I think you're going to the wrong school then, when I went to school at UW-Stout all we had to do was pass a basic shop safety quiz and have someone give us a demonstration on what ever machine we wanted to use. After that you were on your own.

Also, machining that would be terribly inefficient, you're far better off cutting it with a laser out of sheet metal and bending to finish. I'd bet that part is around $30-50 lazered out at your local shop as a one off part, where as machine time on a mill is typically $100/hour and they start charging as they set up the machine.
 
Also, machining that would be terribly inefficient, you're far better off cutting it with a laser out of sheet metal and bending to finish. ...
+100.
 
I'm still waiting on a friend to come over and help me change my tires (and for the snow to thaw), so I drew a little radiator guard in SolidWorks. If anyone wants to machine one, let me know. I can create a drawing for you. I still need to get the correct spacing for the mounting holes. This one's kind of basic, but I planned on putting somehting like it on my bike. Might change the text on it. Any opinions?

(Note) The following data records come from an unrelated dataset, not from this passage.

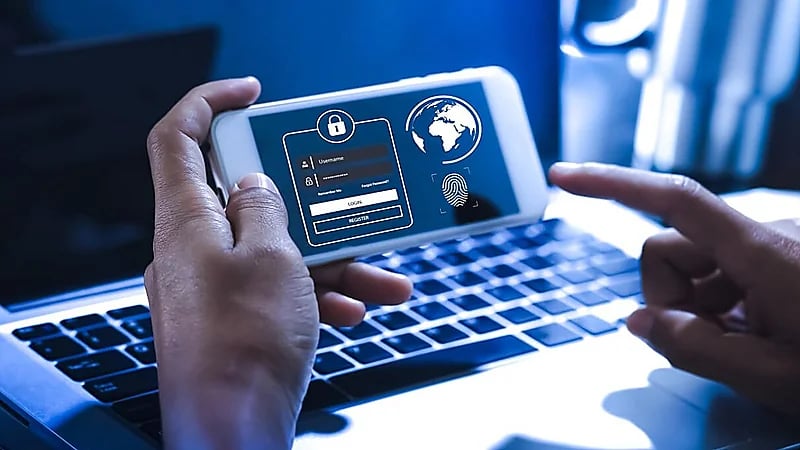 الأمن السيبراني يحذر من ثغرات في منتجات Cisco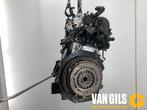 Motor Seat Ibiza O247264, Nieuw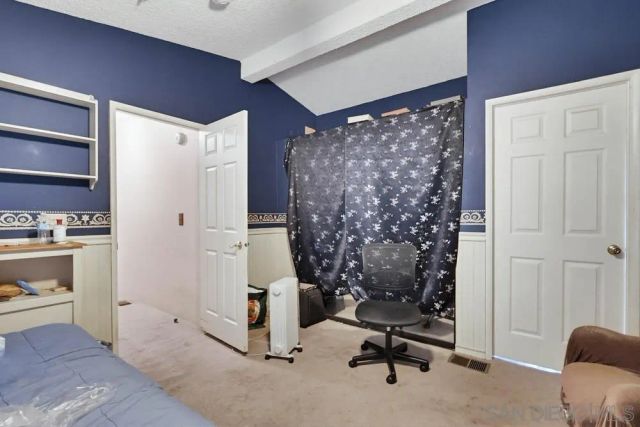 13691 Gavina 609, Sylmar, CA 91342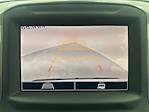 2025 Chevrolet Silverado 1500 Crew Cab 4x4 Pickup for sale #250384 - photo 17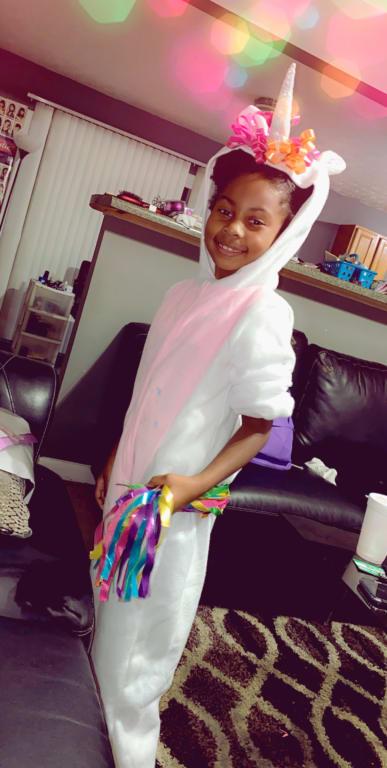 Photo - commentaire&nbsp;2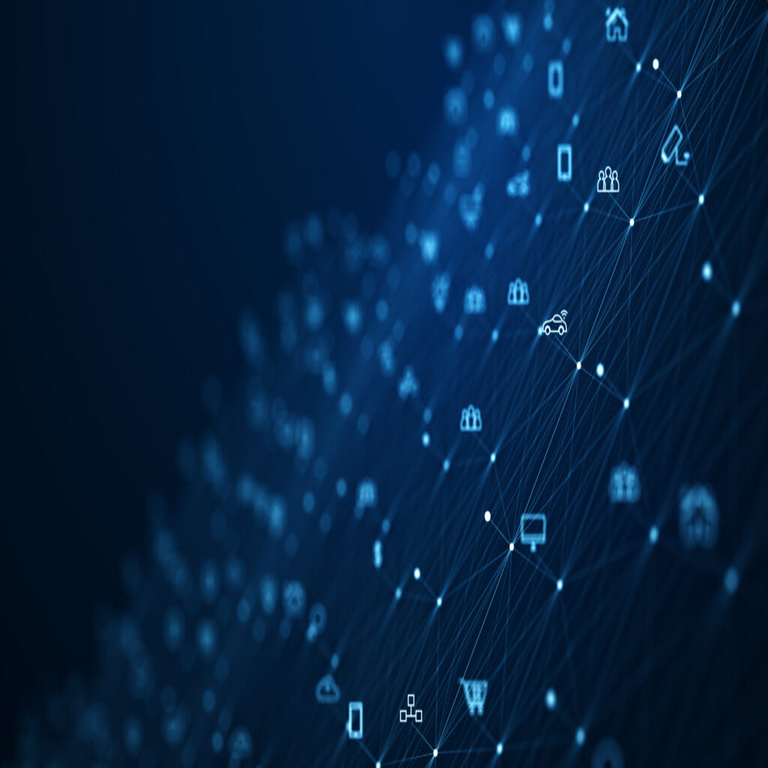 Lula aprueba la extensión de incentivos para el Internet de las Cosas (IoT) hasta 2030. Lula aprueba la extensión de incentivos para el Internet de las Cosas (IoT) hasta 2030.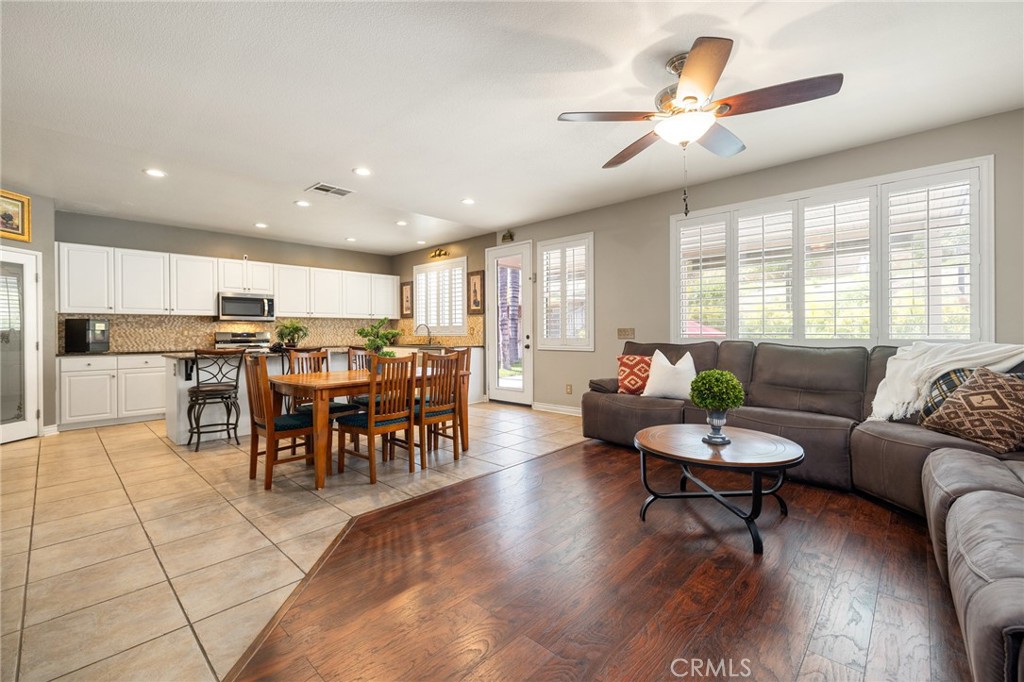 23655 Madison Avenue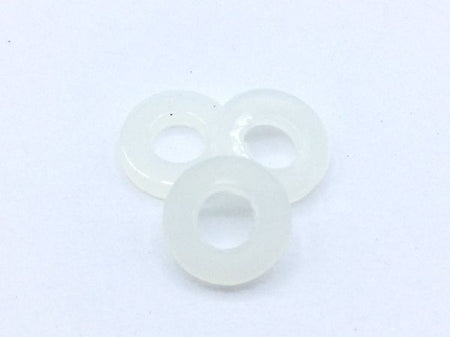 NAS1515H08 Flat Washer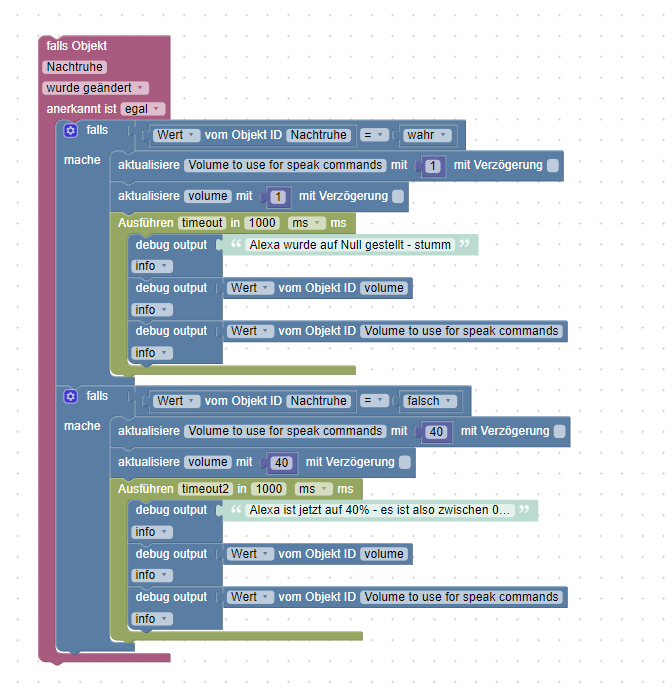 2029530c-8427-4527-a3ce-d0e5968db503-image.png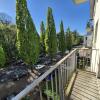 Louer Appartement 29 m2 Nantes
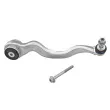 MEYLE 316 050 0069/HD - Triangle ou bras de suspension (train avant)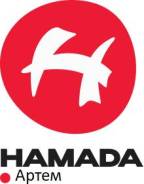 �������� �� ��������. ��� ������. ���������� ����, ���������� ��������� �����, �����, ����� ������� 1-� 41 ���. 2 ����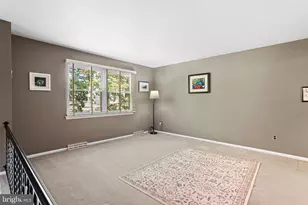 227 Chestnut Ave, Lindenwold, NJ 08021 - Photo 3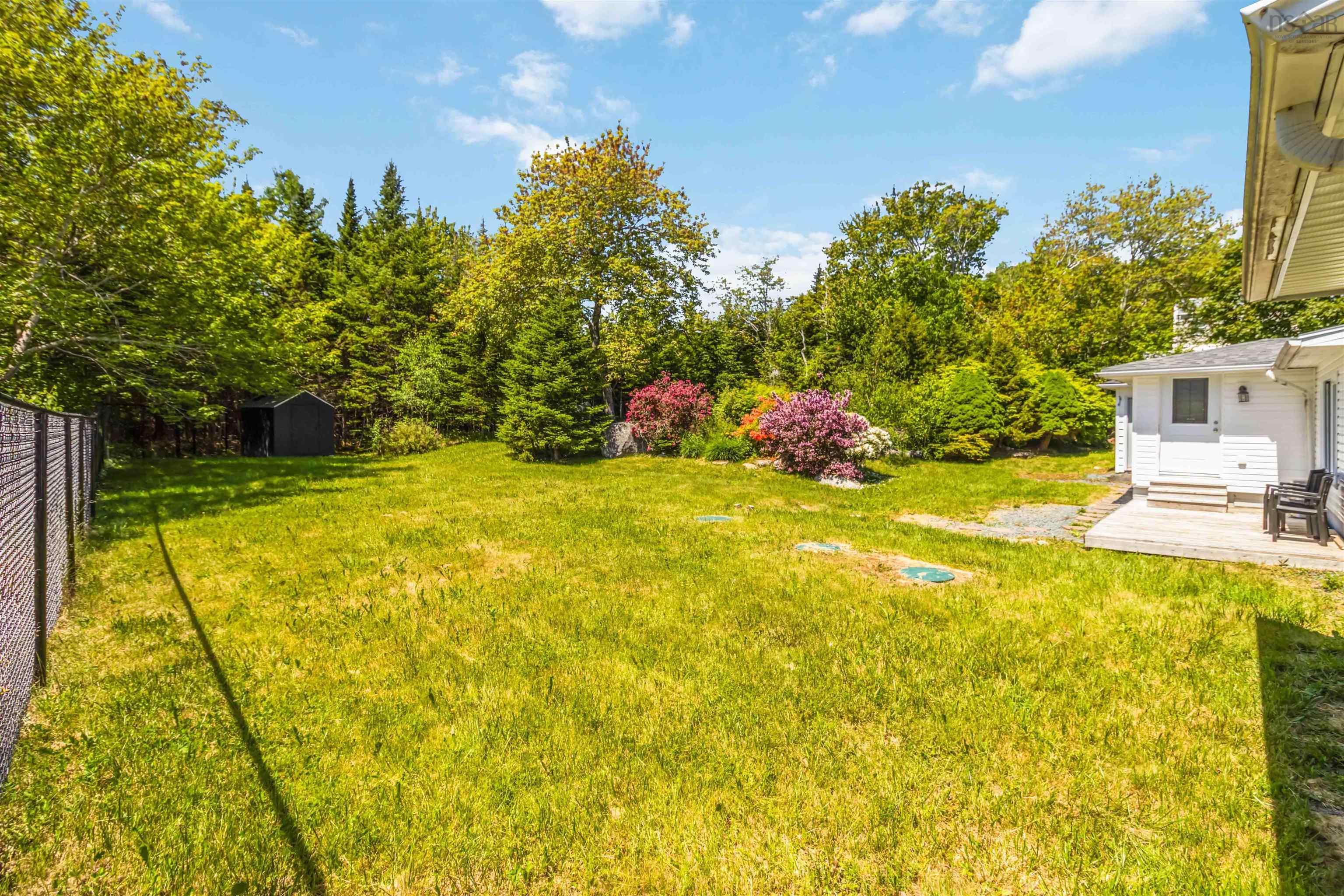 $399,900.00: 319 Brookside Road, Brookside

I might model a few parts later and try to have some of my friends in the MET department machine them. For some reason, the university doesn't trust us engineers alone in the machine shop.
I would say it blocks too much airflow as it is now.

I agree with frank-the-farmer - that's not a part you would want to CNC. Cutting the text would be a problem. Laser or waterjet would be much more efficient.

Unless you need it for a project, they are out there to purchase.
 
I think you're going to the wrong school then, when I went to school at UW-Stout all we had to do was pass a basic shop safety quiz and have someone give us a demonstration on what ever machine we wanted to use. After that you were on your own.

Also, machining that would be terribly inefficient, you're far better off cutting it with a laser out of sheet metal and bending to finish. I'd bet that part is around $30-50 lazered out at your local shop as a one off part, where as machine time on a mill is typically $100/hour and they start charging as they set up the machine.
MSU is weird. We are allowed in the shop, as long as we don't interfere with the work of the METs. It's two separate degrees here; the METs get priority on shop time, so they pretty much hoard the machines. An ME needs to either have instructor approval or a friend in the MET department to even get access to a machine. Basically what that amounts to is that we never get shop time, because the METs never leave. We usually draft the parts, do all the boring stress/fatigue analysis on them, then hand a drawing off to the machinist and never actually see any work being done. It's not the best system. I did more metal and wood work my junior year in high school than I have in four years here.

And machining was the wrong word. I had planned on using a computer-controlled plasma cutter to cut the pattern out, then bend the edges with a brake press. Since I've been here, I've just gotten into the bad habit of calling pretty much all metalwork "machining." I should probably work on that.
 
Not the right kind of clearance to use one. It'd chew through the metal pretty quick anyway. This stuff is way softer than I thought when I bought it.
 
That's because it's held together by the framework...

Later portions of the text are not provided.